Whether you run your own BIND/Unbound/Knot/PowerDNS or rely on a managed provider, the infrastructure layer must be locked down against transfer leaks, amplification abuse, and software vulnerabilities.

• ✓ Restrict zone transfers (AXFR/IXFR) to known secondary IPs only — allow-transfer { 192.0.2.10; }; in BIND, equivalent ACLs elsewhere. Open AXFR leaks every record in your zone.
• ✓ Enable Response Rate Limiting (RRL) on authoritative servers to make reflection/amplification DDoS far less effective against third parties.
• ✓ Never run an open recursive resolver on the public Internet — limit recursion to internal subnets only (validate with our Port Scanner against UDP/53 from outside).
• ✓ Use Anycast for authoritative DNS to distribute load and absorb DDoS — most managed DNS providers ship this by default.
• ✓ Patch DNS software promptly. BIND, Unbound, Knot, and PowerDNS all publish CVEs regularly; subscribe to their security mailing lists.
• ✓ Audit reverse DNS / PTR records with our Reverse DNS Lookup — missing or mismatched PTR for outbound mail relays directly causes deliverability problems.
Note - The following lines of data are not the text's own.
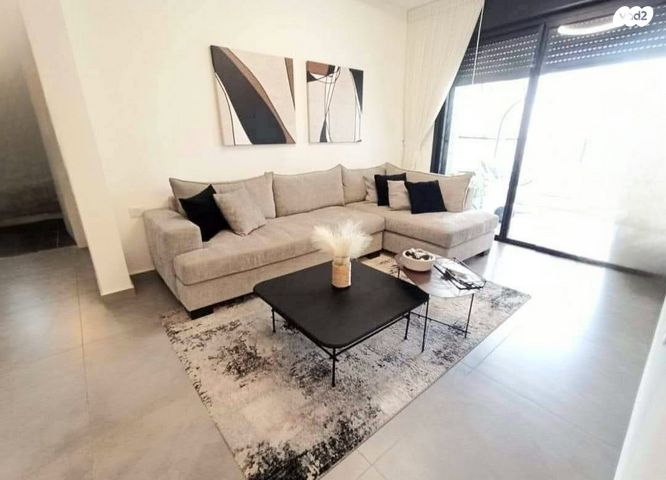 מודעת נכס, יעקב דורי 7, נאות שמיר, רמלה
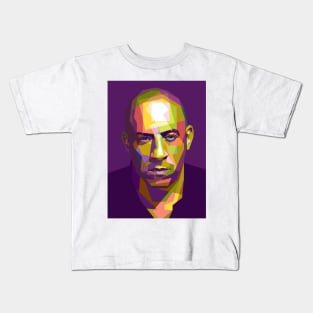 toretto Kids T-Shirt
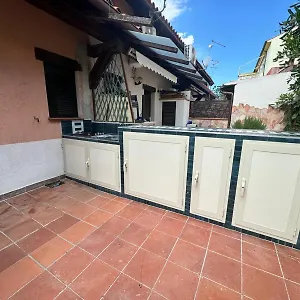 Appartamento I Geranei Centro San Teodoro (Sardinia)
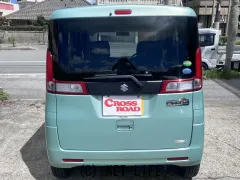 スズキ スペーシア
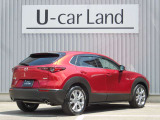 CX-30 1.8 XD プロアクティブ ツーリングセレクション 4WD 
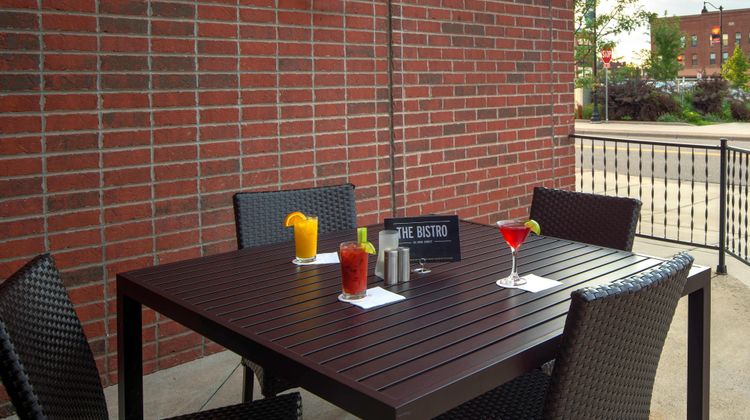 Courtyard by Marriott St Cloud Exterior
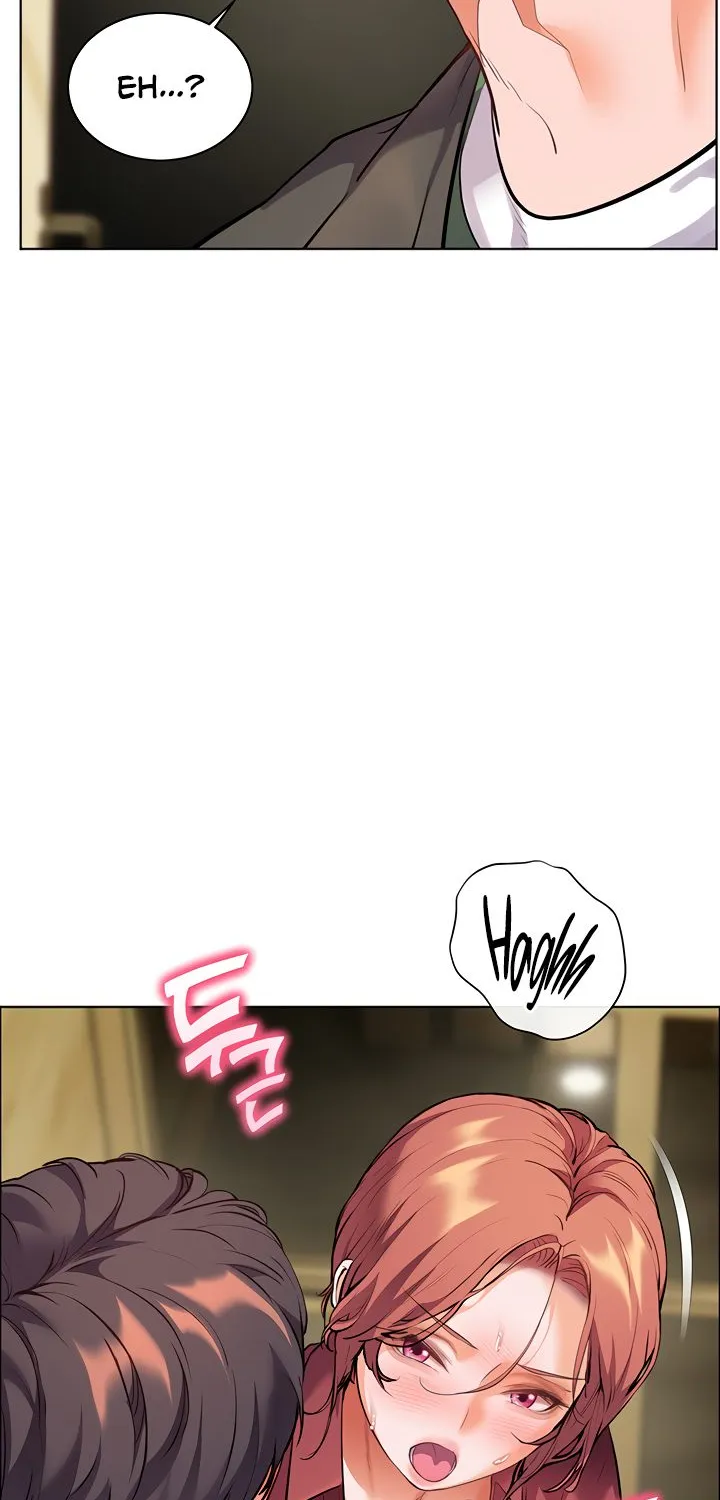 Teacher’s Efforts — Chapter 43 — Page 107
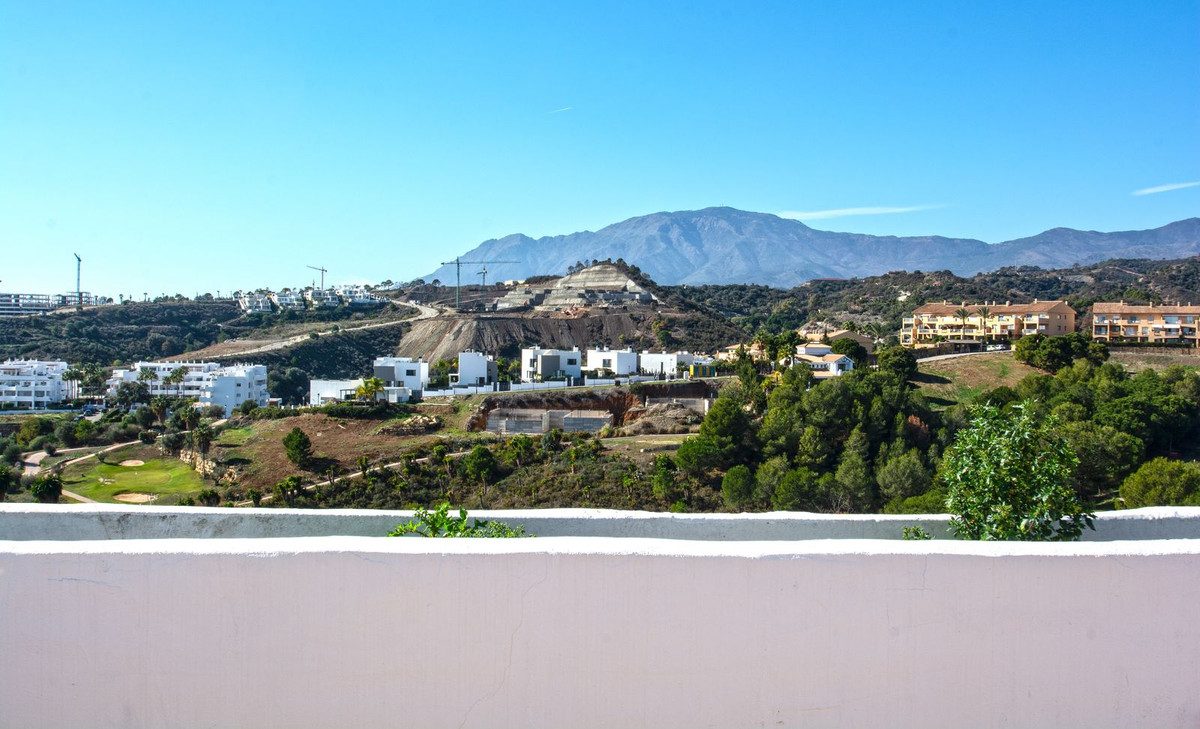 Penthouse in Torremolinos, Costa del Sol – 2 beds – 495000 € - photo 28 of 28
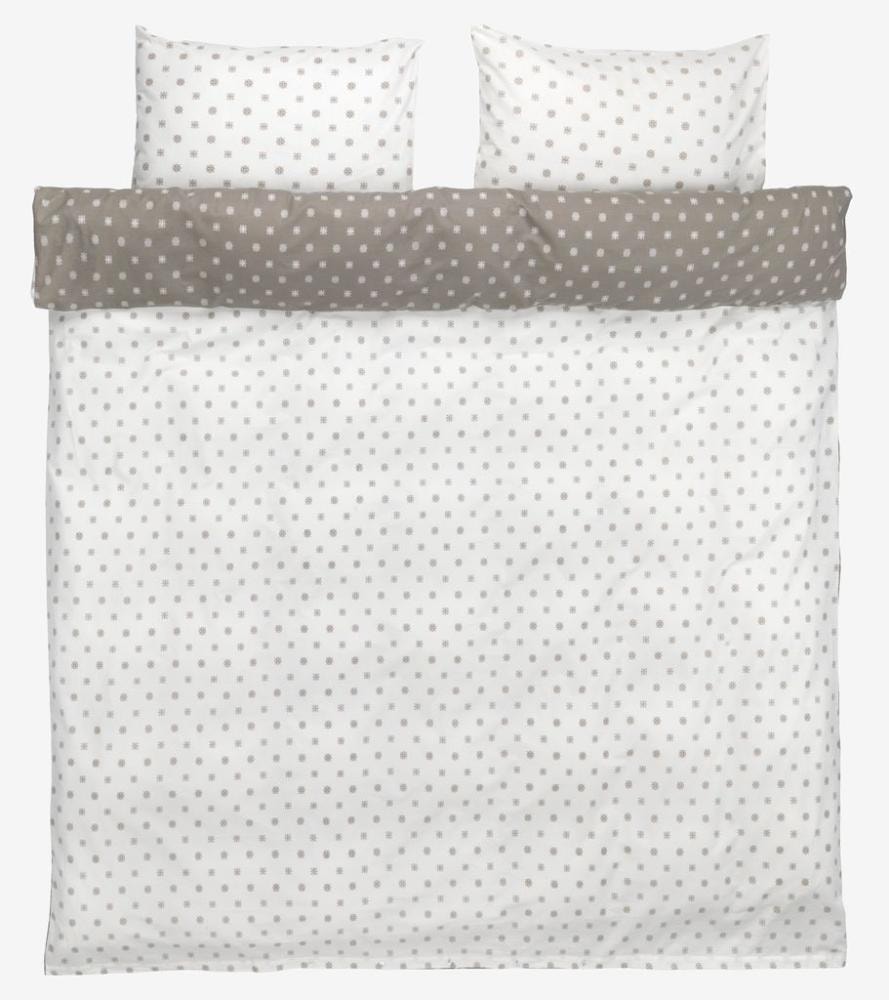 Set posteljine 200x220 cm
A locked-down zone today is a misconfigured zone tomorrow if no one watches it. Monitoring closes the gap between "we set it up correctly" and "we still have it set up correctly."

• ✓ Schedule weekly automated audits against a known-good baseline using DNS Lookup or a dig script in CI; alert on any diff.
• ✓ Track domain expiration and registrar changes monthly via WHOIS Lookup — losing the domain is the worst DNS outage possible.
• ✓ Monitor the hosting and ASN behind every record with IP WHOIS Lookup; unexpected provider changes are an exfiltration tell.
• ✓ Set SSL/TLS expiration alarms 30 / 14 / 3 days out with our SSL Checker — a healthy DNS record pointing at an expired cert is still a broken site.
• ✓ Log all DNS queries at the resolver where legally and ethically appropriate; queries are a high-signal source for compromise detection (C2 callbacks, DGA traffic).
• ✓ Trace reachability and path with Trace Route and Ping when a record resolves but the service is unreachable.

When something goes wrong — and it will — the time to write the runbook is now, not at 3am during the incident.

• ✓ Maintain offline backups of every zone file (one per provider, signed and timestamped). A registrar takeover is unrecoverable without a clean copy.
• ✓ Practice DNS failover quarterly: swap to a secondary provider in a staging window and confirm TTLs and propagation behave as expected.
• ✓ Write a cache-flush runbook for desktop, mobile, router, and major OS — start with our Flush DNS guide.
• ✓ Document the diagnostic sequence for the most common user-facing failure: see DNS Server Not Responding for the standard playbook.
• ✓ Keep up-to-date emergency contacts for your registrar, your authoritative DNS provider, and the TLD operator. Have the customer-ID numbers ready.